Did you know that the U.S. Department of Health and Human Services’ Office for Civil Rights has a wall of shame? Well, it’s not officially called that, it’s actually known as a breach portal.This is where entities covered by HIPAA are displayed when they experience a healthcare data breach that affects more than 500 people.
In 2018, there were quite a few companies that found themselves on the wall of shame. For starters, there was the California Department of Developmental Services. They experienced a theft incident that affected 582,174 patients. Following them was MSK Group in Tennessee which experienced an IT incident affecting 566,236 patients. And we can’t forget about UnityPoint Health in Des Moines, Iowa. Their IT incident affected 1,421,107 patients. The list goes on and on… and the number of people affected continues to rise.
The Cost of a Data Breach
As you can imagine, the effects of these breaches are devastating for patients and extremely costly for companies. Healthcare looses more money because of data breaches than any other sector! While healthcare is incredibly complex, the reasons for these issues are sometimes simple. Far too often, user experience – whether it’s the experience of the patient or the worker who has access to the data – is neglected. Researchers from Johns Hopkins University and Michigan State University recently completed a study on hospital data breaches in the United States which backs up this claim. Their findings, published in JAMA Internal Medicine, shed light on this growing porblem. Almost 1,800 large data breaches in personal health information (PHI) occurred from 2009 to 2017 and affected over 164 million patients. Even more incredible was that 33 hospitals experienced more than one major breach. But the most disturbing part of all (as if it could get any worse): More than half of the PHI that was leaked occurred not because of hackers… but because of internal issues! If there was ever an example of a human factors fail, this is it.
Speaking at a press conference about the results of the study, John (Xuefeng) Jiang, lead author and associate professor of accounting and information systems at MSU’s Eli Broad College of Business had this to say:
“One quarter of all the cases were caused by unauthorized access or disclosure – more than twice the amount that were caused by external hackers. This could be an employee taking PHI home or forwarding to a personal account or device, accessing data without authorization, or even through email mistakes, like sending to the wrong recipients, copying instead of blind copying or sharing unencrypted content.”
This analysis is interesting and human factors has more to bring to the conversation. We might remember that the user is never the root cause of these mis-steps. We must take a look at the situation holistically before we can begin making accusations. In most instances, healthcare workers are forced to live and work within a system that does not support their needs to provide safe and effective healthcare in a way that preserves patient safety and adheres to HIPAA. The root cause of the mistake is almost always much further up the chain.
It’s the People Piece that We are Missing
If you’re a healthcare provider, or an IT company working with a healthcare provider, you need to take action now to prevent something like this from happening to your company and the patients you serve. If you don’t, the consequences could be severe (yes, even if you’re a smaller company). Just this week, twelve state attorneys general filed a lawsuit against a group of IT companies as well as their subsidiaries. The suit alleges that poor business practices led to the theft of private healthcare data (including everything from social security numbers to lab results) of 3.9 million people in a 2015 data breach. This lawsuit is the first jointly filed multi-state data breach case in federal court based on the federal Health Insurance Portability and Accountability Act, and we expect that it certainly won’t be the last.

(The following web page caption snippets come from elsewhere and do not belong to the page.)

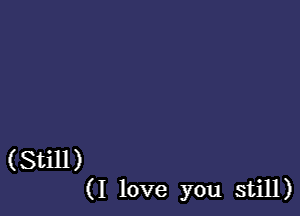 (Still)
(I love you still)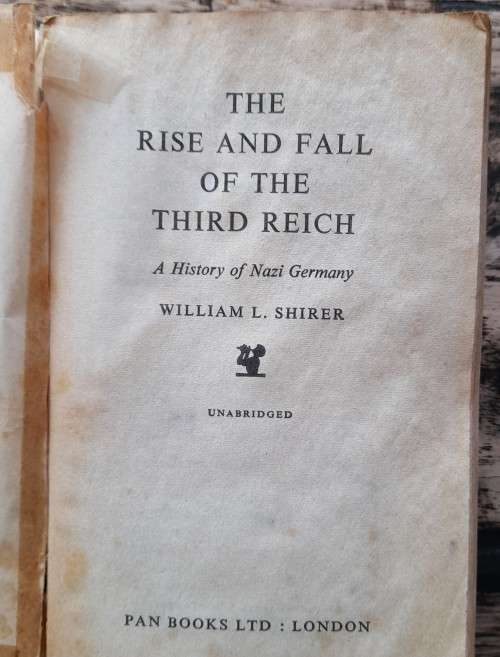 The Rise and Fall of The Third Reich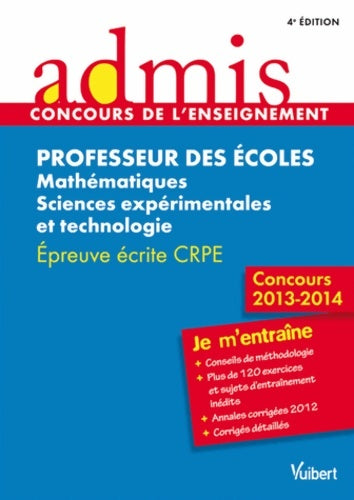 Livrenpoche : Concours Professeur des écoles - Mathématiques et Sciences expérimentales et technologie - épreuve écrite - Admis - Je m'entraîne - Session 2013 - CRPE - Marc Loison - Livre
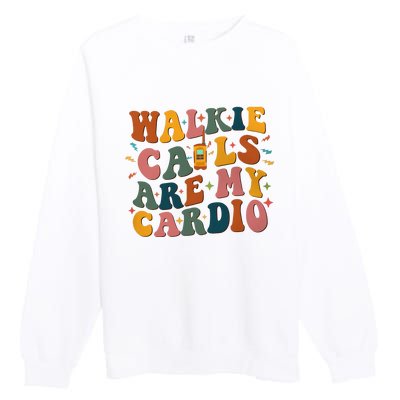 Walkie Calls Are My Cadio Sped Teacher Premium Crewneck Sweatshirt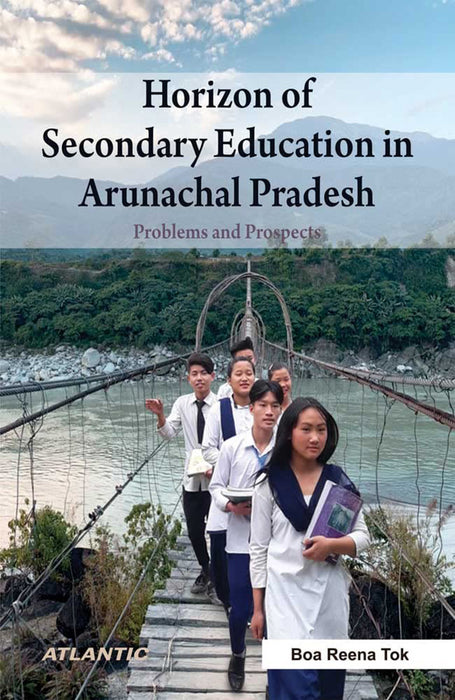 Horizon of Secondary Education in Arunachal Pradesh: Problems and Prospects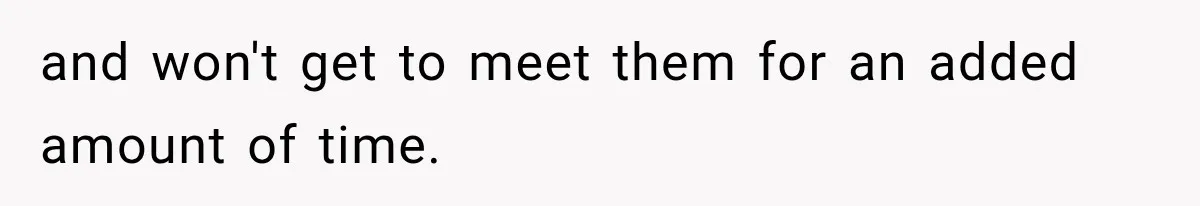 Pregnant Mom Refused Hospital Visitors, But Her MIL Threatened to Sneak In to Meet the Baby and won't get to meet them for an added amount of time.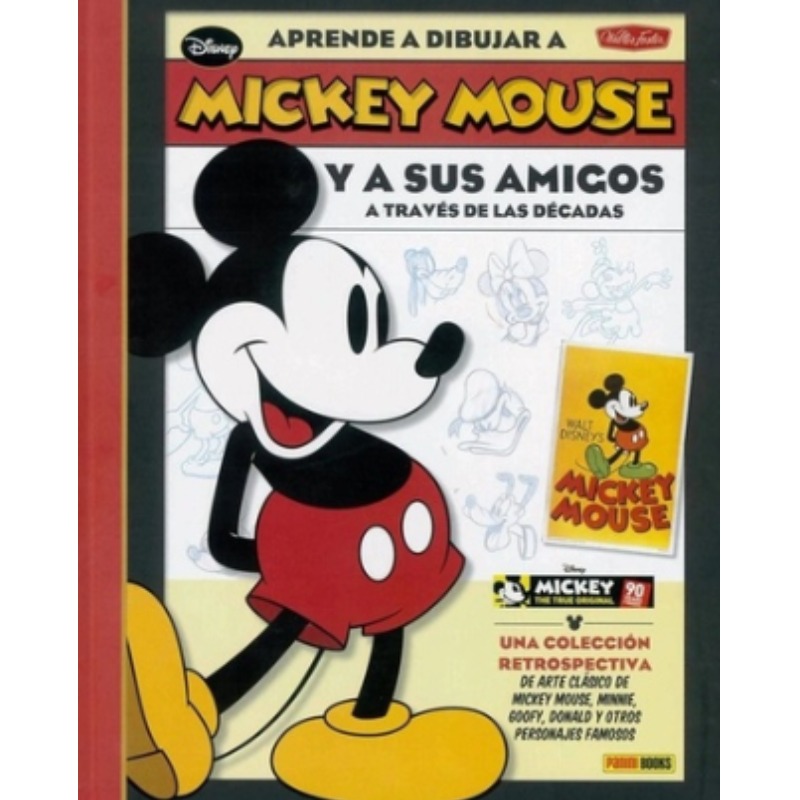 Aprende A Dibujar A Mickey Y Sus Amigos A TravÉs De Las Decadas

Edinburgh Napier University professor William Buchanan once blogged that the top three threats in computer security are “people, people, and people.” He was spot on. The good news, however, is that because of this, many of these data breaches are completely preventable. Healthcare just needs to understand people in order to solve the problem. Perhaps there’s a lack of training for non-technical workers or too few cybersecurity experts at the company. Or maybe cybersecurity isn’t a priority in the boardroom. Whatever the case is – with human factors experts integrated into a healthcare team, root causes for data breach incidents will be found and broken systems and disconnected processes will become a thing of the past. Human factors experts don’t just work with IT, they align the goals of every department involved so that priorities – like preventing data breaches – are met. Humans may not be error-free, but the odds of preventing disastrous outcomes can certainly be improved upon. Human factors helps people to work their best, improves the performance of the systems they use, and reduces error rates leading to safer outcomes for all involved in the healthcare system.